Professor Klee was the typical psychology prof, it seemed – almost like a parody of one. He spoke in a high pitched, squeaky voice. He wore a bolo tie and causal sport jackets. He had a beard, of course.
He seemed like a nice guy, but I got nothing out of the course. Professor Klee would ramble on and on about various topics, theories, and books. I had absolutely no idea what the was talking about — he might as well have been lecturing in German. The only thing I can recall is that he spent a lot of time talking about ectomorphs and endomorphs. I could not for the life of me ascertain what the difference between the two types was, how it pertained to the lectures, or why it was important.
He worked into his lectures all sorts of theories that mystified me: religious thought as it pertained to human psychology, for example.
I never did the required reading.
The course came to an end, mercifully; the day for the final came.
As it so happened, I had no time to study.
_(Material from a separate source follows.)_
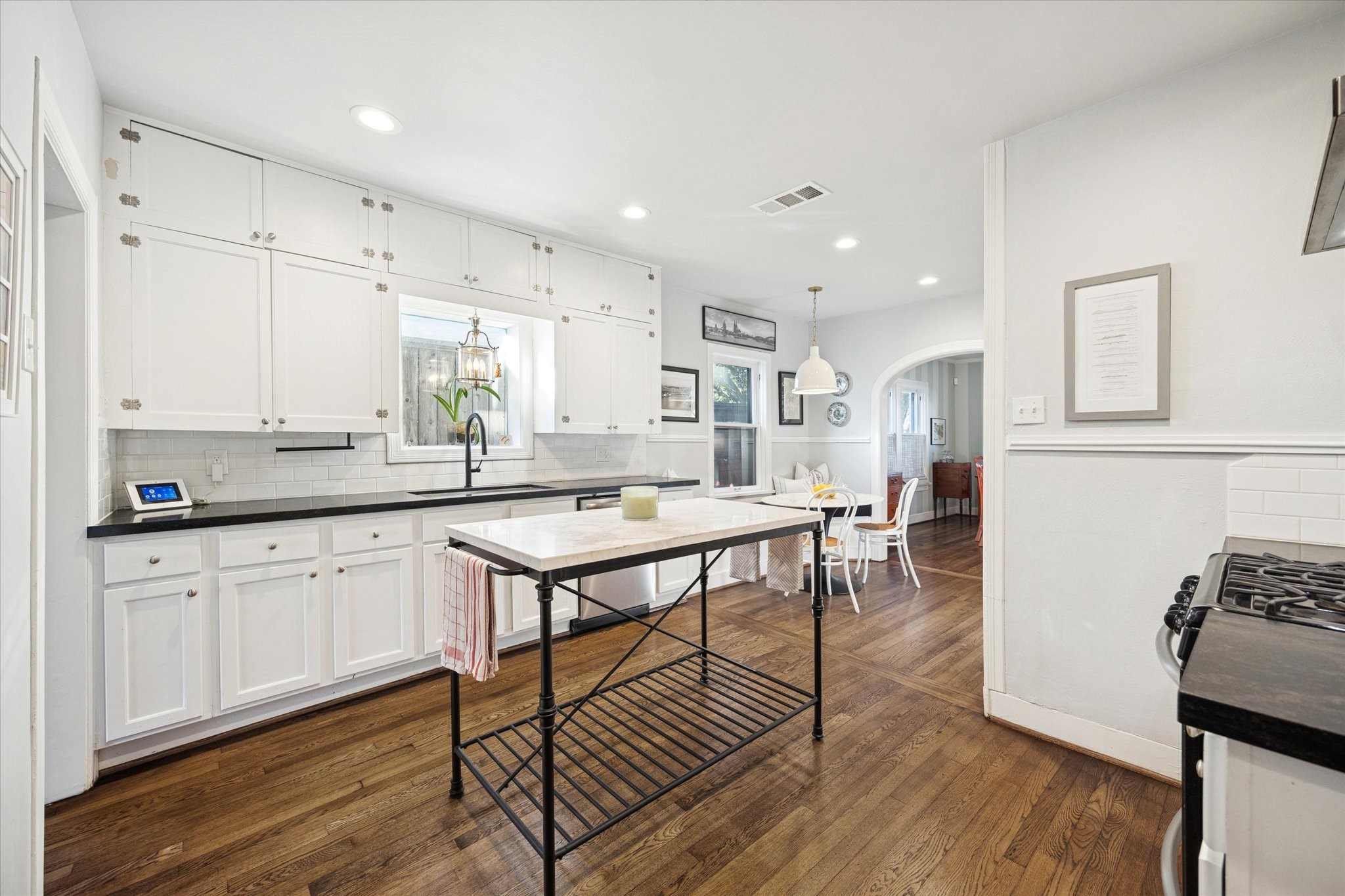 2109 Colquitt Street Houston, TX 77098 - Photo 14 of 28 a kitchen with stainless steel appliances granite countertop a stove top oven a sink dishwasher and cabinets with wooden floor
I was up all night writing a term paper for another course. I barely finished in time to pass it in and to get to campus in time for the Psych 132b final, which was at an early morning hour.
An important factor relative to all this was that three of my roommates – Ron Ratner, Tony Camilli, and John Ferris – were also taking the course. They thought it would be gut course. They had encouraged me to take it.
Ratner, Camilli, and Ferris spent the night before the final preparing for it in a joint “cramfest.” They had not done most of the reading, either. But, they did some last minute studying and pooled their slight knowledge.
We lived together in a house in Newton Highlands, MA, about twenty or thirty minutes away by car from campus.
Ratner drove me and the other roommates to campus. They told me just before leaving, “don’t worry, we’ll tell you all you need to know.”
They coached me in the car. They enumerated the books on the reading list and gave me capsule summaries of their content. I forget what most of the books were. But, one that I do recall that we had been assigned was a book by theologian Paul Tillich.
“Tillich,” they said (words to that effect). “All you have to know are three things: being vs. non-being, the concept of absolute faith, courage as an affirmation of being.” That’s not what they actually said, but their mini-lecture in the car went something like this.
I took the exam, scribbling furiously in my blue book, trying to remember what my roommates had told me. I had only that to work with. A kernel or two. A few concepts, buzzwords. But it was enough.
The grades came back. My roommates were disappointed. They all got worse grades than I did: a couple of C’s, a B minus.
I got the highest grade of the four of us: a B on the final exam and a B for the course.
— Roger W. Smith
June 26, 2016
Thanks for this wonderful recollection, Roger. Having had the pleasure, indeed the privilege, of sharing that now-mythic Bowdoin Street house that we shared in Newton Highlands (so many remarkable personalities, such amazing camaraderie), your recollection took me right back there — nearly half a century ago, all that time instantly eclipsed by your evocative vignette.